Back off, bouncers, you're a bunch of egotistical bastards

Whenever a patron dived off the stage or got too rowdy, a refrigerator-size bouncer would elbow his way through the crowd, place the culprit in a terrifying headlock and drag him outside.
A few days later I was in school assembly. The headmaster was lecturing us on bullying, warning that we could be charged with assault for as little as laying a finger on another student. I reflected on what I saw at the club and asked myself why the same laws didn’t apply there?
Fast-forward 20 years. I was outside a nightclub in Darling Harbour where a good friend of mine was DJing –- his first paid gig. He’d put my name on the door so my entry was guaranteed. Or so I thought.
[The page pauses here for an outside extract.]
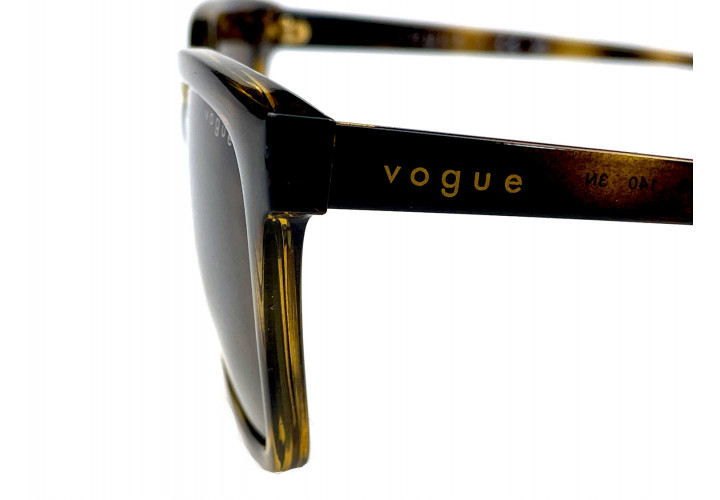 Vogue 5426 W656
“What you carrying?” snarled the bouncer from behind a pair of Terminator sunnies. He was half a foot shorter than me, but a foot wider. From the way he jittered, I could tell he was high as a kite.
“My wallet and my phone,” I told him. “And your mother’s underpants,” I added, in my thoughts.
“Let me see,” he replied.
I pulled my phone and wallet out, feeling ever so queasy. “Satisfied?” I asked him.
“What else you carrying?” he repeated, jamming his hand into one of my pockets.
I stepped back in shock, told him to keep his bloody hands off me and caught a cab home. When I raised the issue with my DJ friend few days later, he apologised but acknowledged that’s just the way it is.
The sad thing is, he’s right. Sit down with any group of young people in Sydney and you’ll invariably hear stories about how bouncers humiliate, extort, sexually harass and -- while things have improved since my early clubbing days -- assault patrons as a matter of course.
“Last weekend we had to wait 20 minutes in a line and undergo the standard looks of disapproval that accompanies clubs in Kings Cross,” wrote one of the 17 people who commented on my Facebook posting about Sydney bouncers.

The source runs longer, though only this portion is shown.